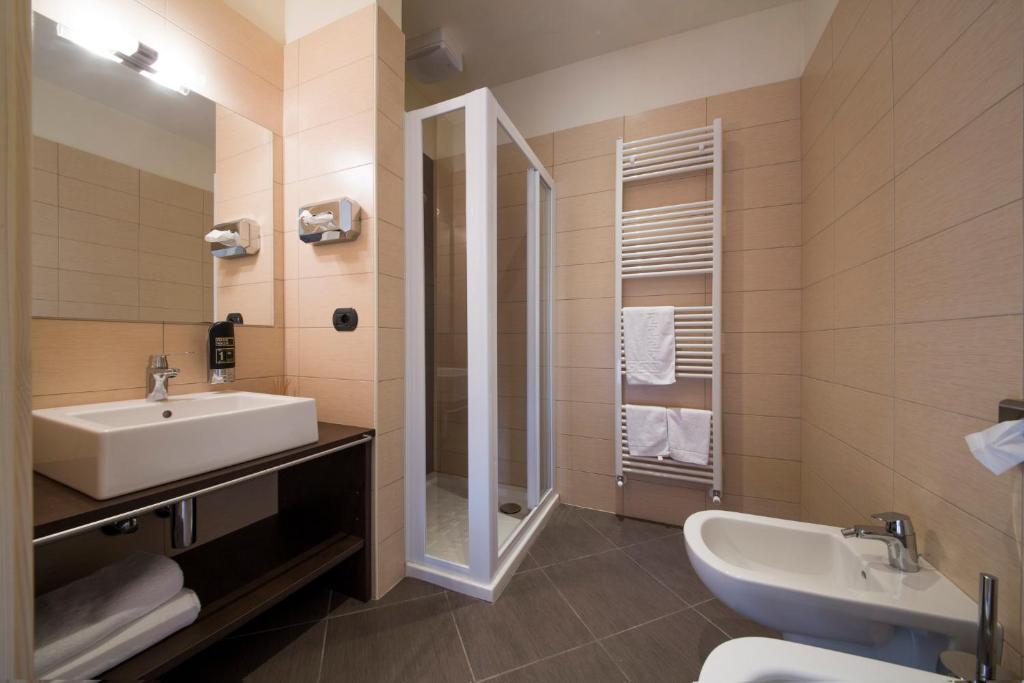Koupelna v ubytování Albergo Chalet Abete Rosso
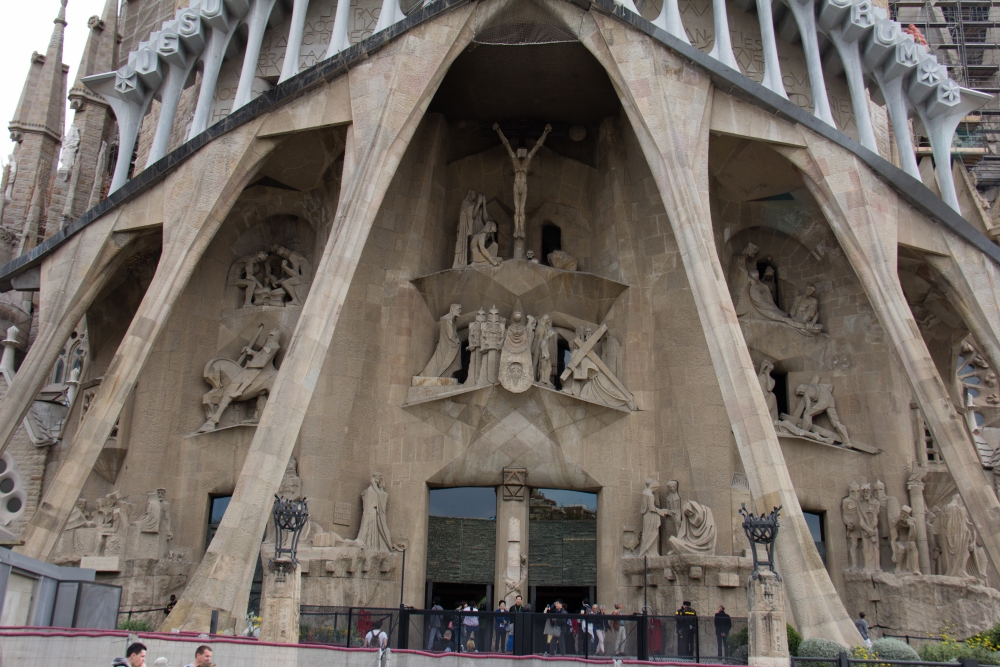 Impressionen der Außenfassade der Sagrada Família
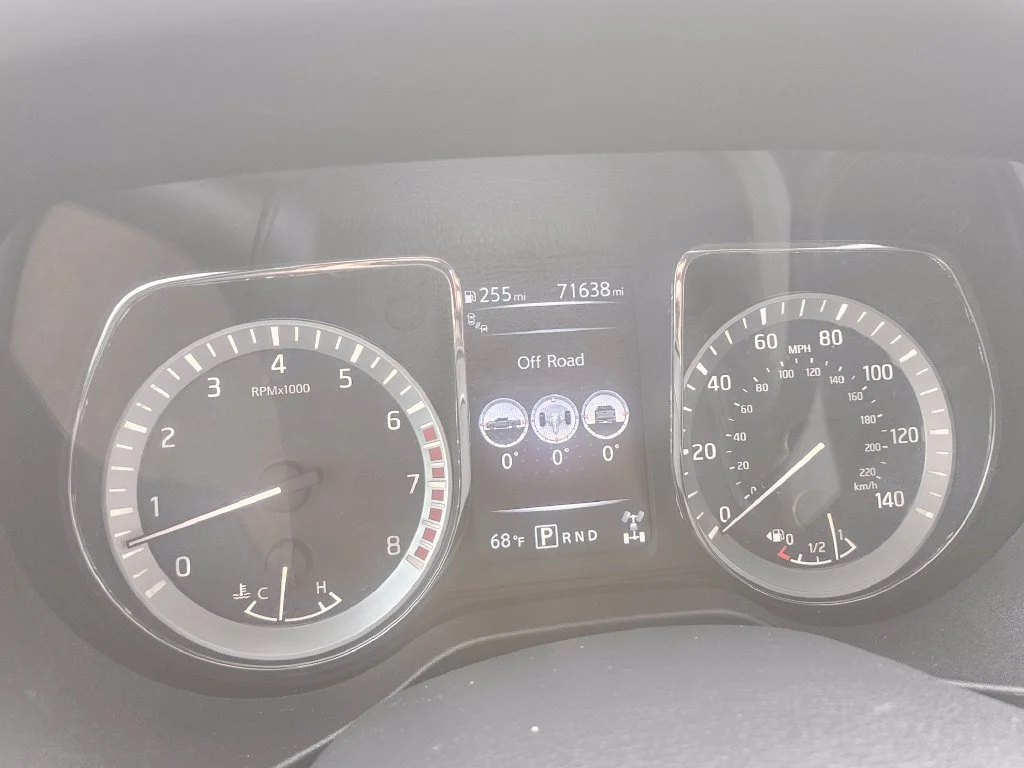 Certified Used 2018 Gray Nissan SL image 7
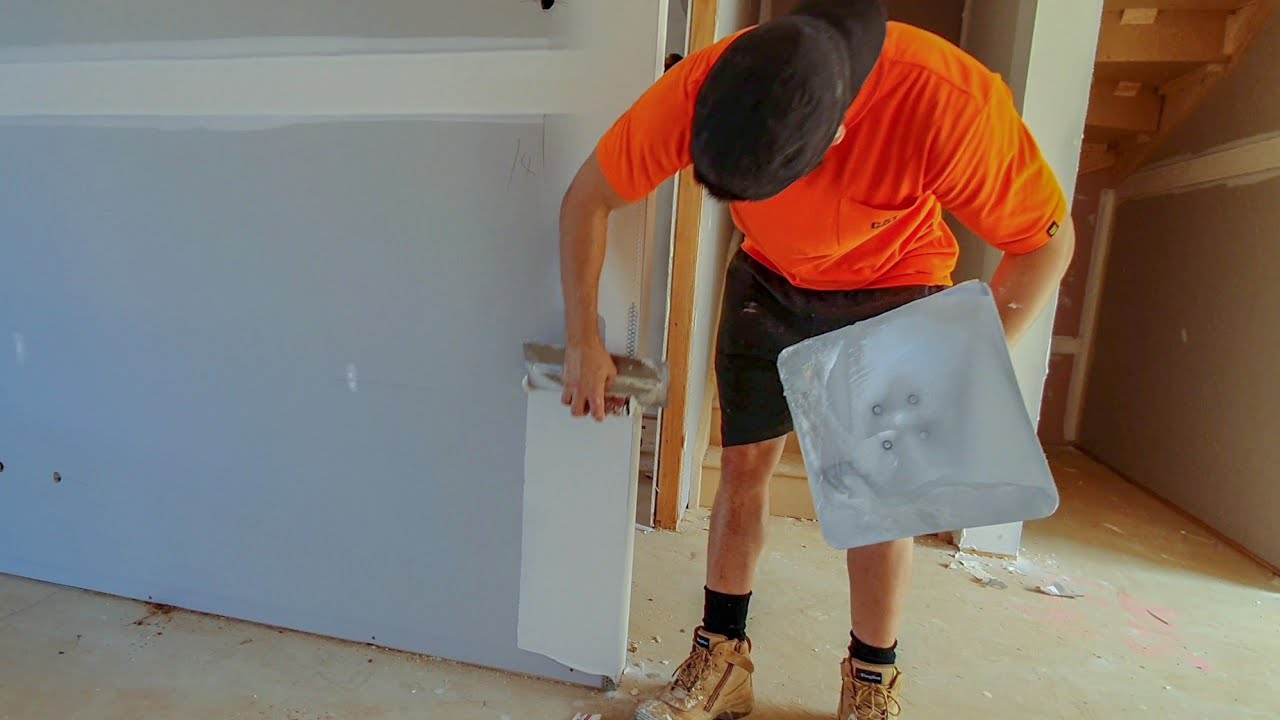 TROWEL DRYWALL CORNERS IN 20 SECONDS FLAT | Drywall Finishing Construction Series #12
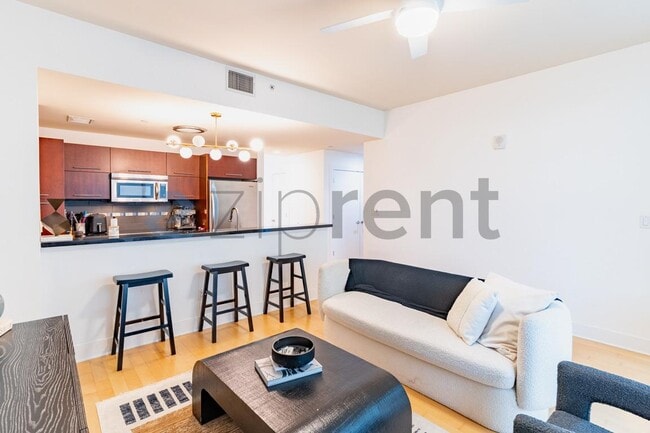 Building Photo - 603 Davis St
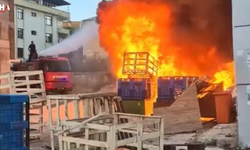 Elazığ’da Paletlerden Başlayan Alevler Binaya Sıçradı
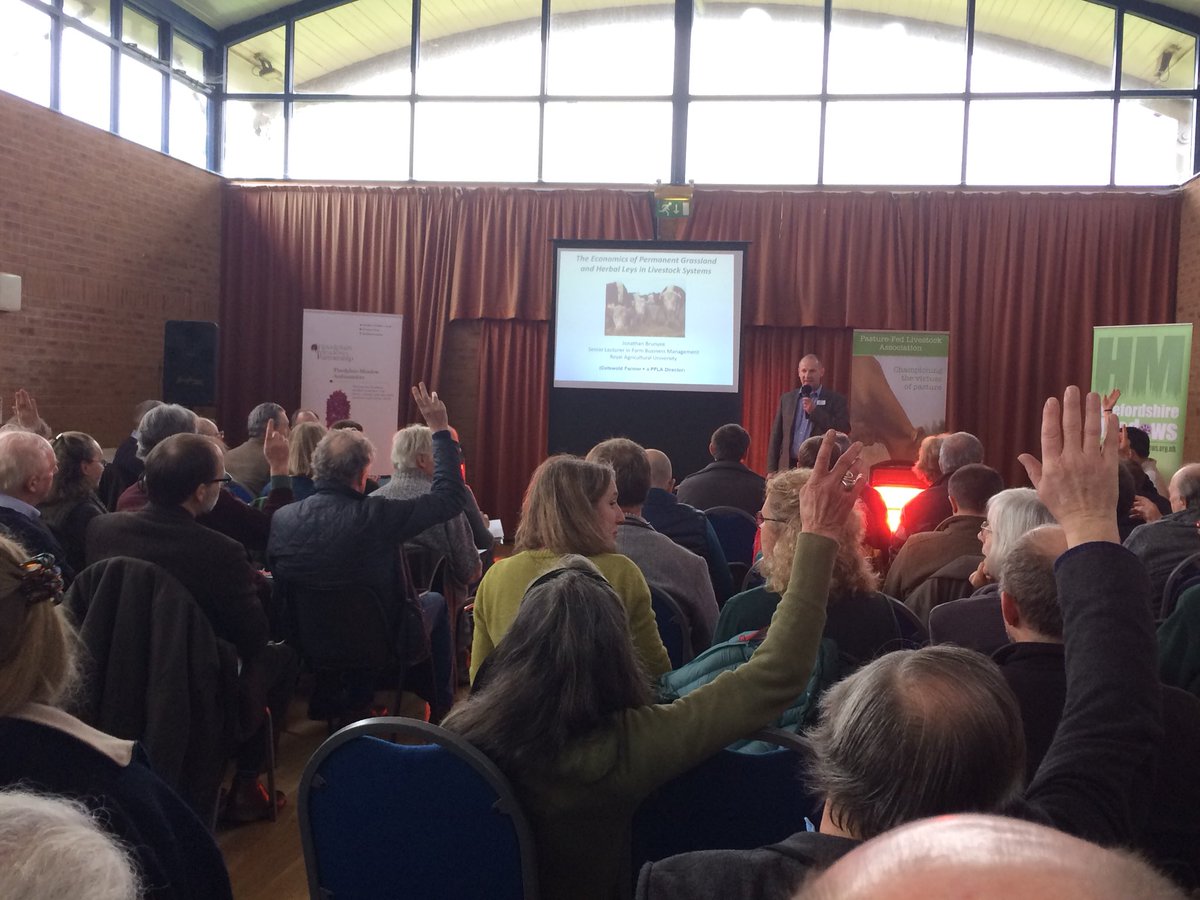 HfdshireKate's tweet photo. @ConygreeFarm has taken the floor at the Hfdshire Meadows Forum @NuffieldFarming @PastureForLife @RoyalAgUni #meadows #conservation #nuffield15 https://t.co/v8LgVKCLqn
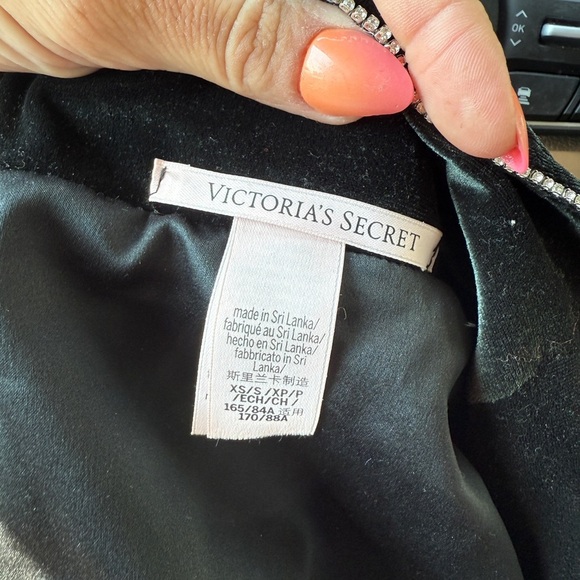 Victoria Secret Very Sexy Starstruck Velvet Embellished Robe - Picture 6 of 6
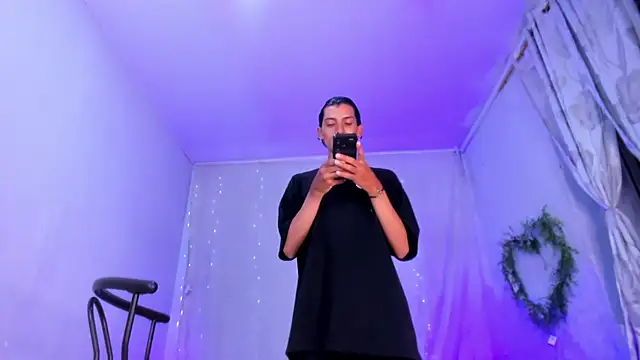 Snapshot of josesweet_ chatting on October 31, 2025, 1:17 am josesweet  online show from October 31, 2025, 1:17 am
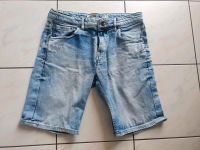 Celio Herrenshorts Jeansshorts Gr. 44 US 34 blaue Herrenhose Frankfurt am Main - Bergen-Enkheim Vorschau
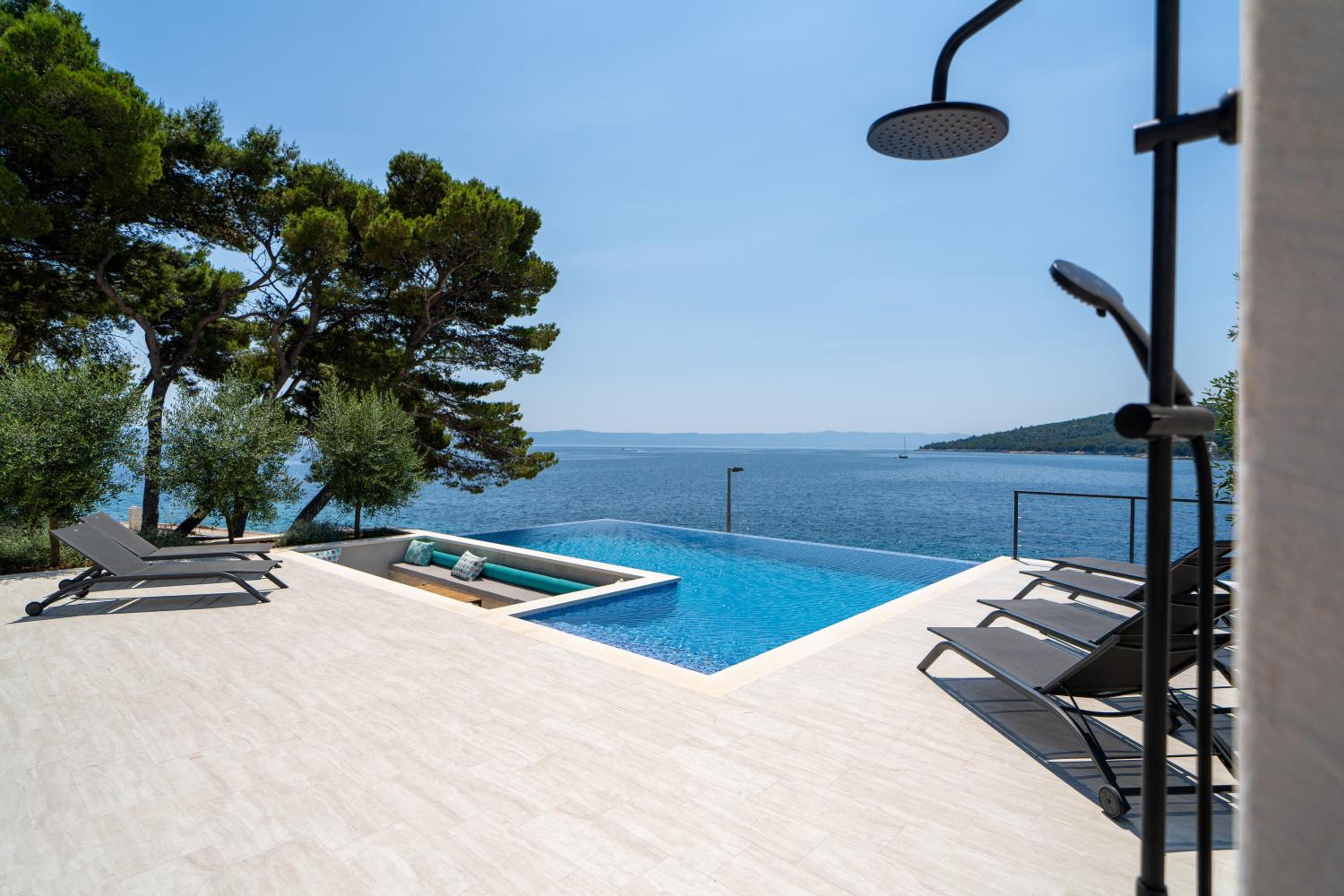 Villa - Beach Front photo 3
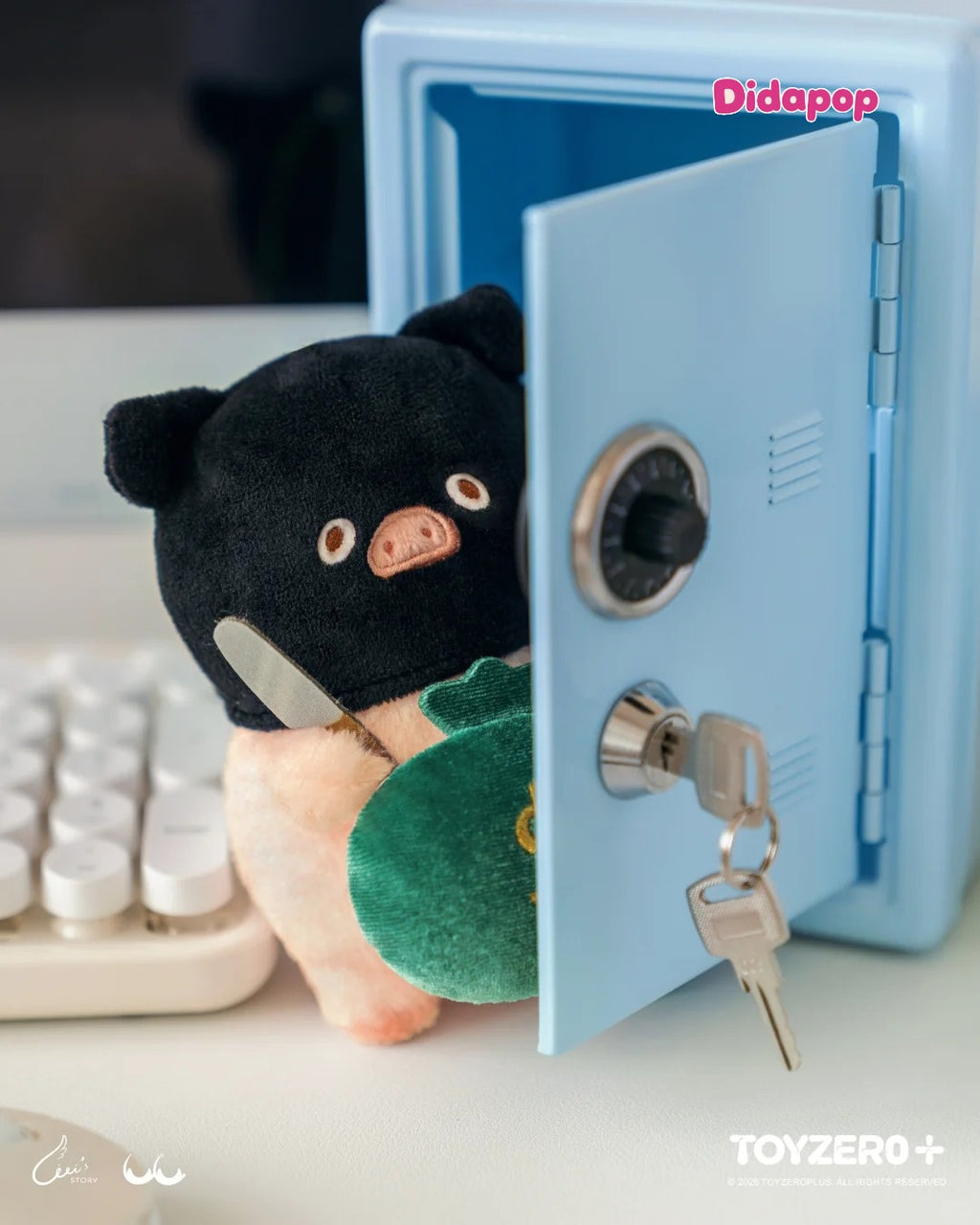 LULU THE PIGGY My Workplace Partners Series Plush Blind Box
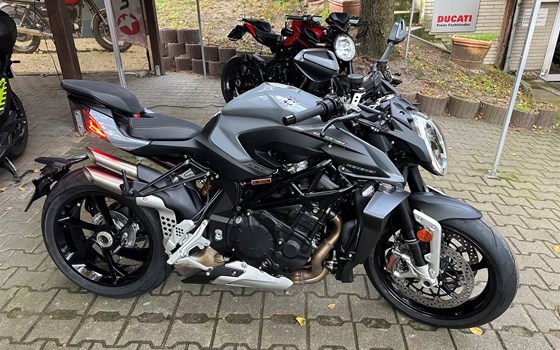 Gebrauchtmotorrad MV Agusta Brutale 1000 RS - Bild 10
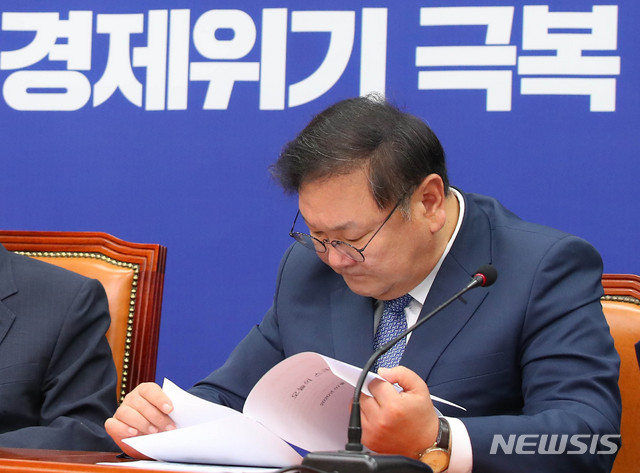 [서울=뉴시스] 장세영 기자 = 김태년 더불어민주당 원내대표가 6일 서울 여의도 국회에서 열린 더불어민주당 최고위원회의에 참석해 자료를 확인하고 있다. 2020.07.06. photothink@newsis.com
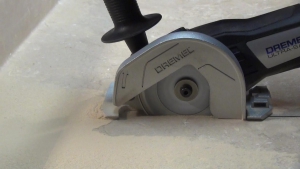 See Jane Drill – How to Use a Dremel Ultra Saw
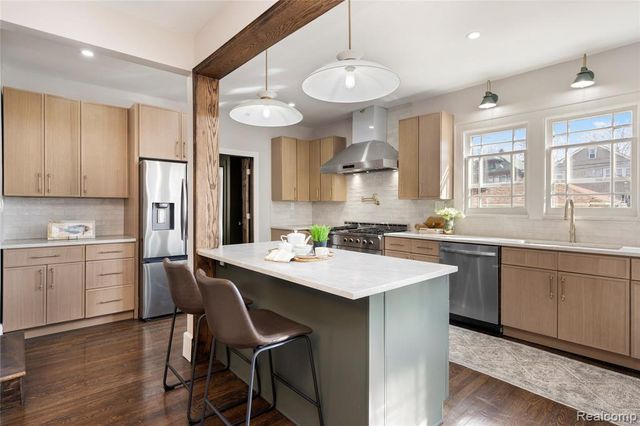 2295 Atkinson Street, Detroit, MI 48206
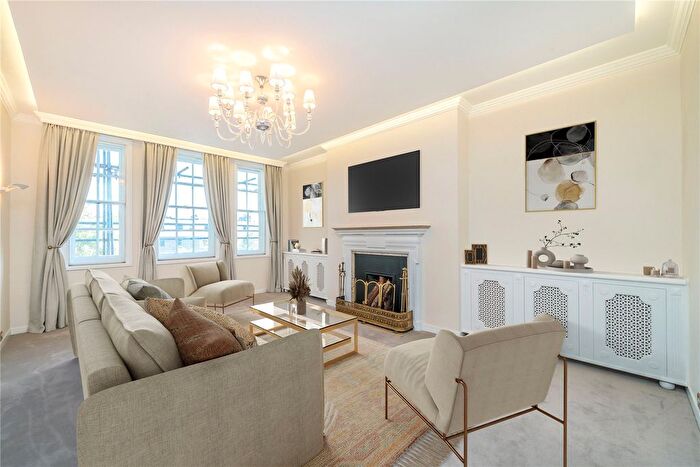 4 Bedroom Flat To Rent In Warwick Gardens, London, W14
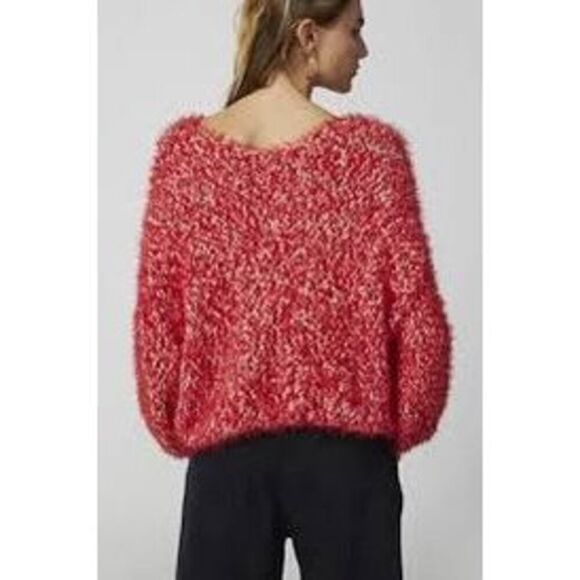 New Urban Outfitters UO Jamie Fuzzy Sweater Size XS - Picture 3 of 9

********************

Your assignment.
Where the line with "[서울=뉴시스] 장세영 기자" appears, begin there and transcribe exactly through the last line of the data, leaving all pictures aside.

Result of this exercise.
 [서울=뉴시스] 장세영 기자 = 김태년 더불어민주당 원내대표가 6일 서울 여의도 국회에서 열린 더불어민주당 최고위원회의에 참석해 자료를 확인하고 있다. 2020.07.06. photothink@newsis.com
 See Jane Drill – How to Use a Dremel Ultra Saw
 2295 Atkinson Street, Detroit, MI 48206
 4 Bedroom Flat To Rent In Warwick Gardens, London, W14
 New Urban Outfitters UO Jamie Fuzzy Sweater Size XS - Picture 3 of 9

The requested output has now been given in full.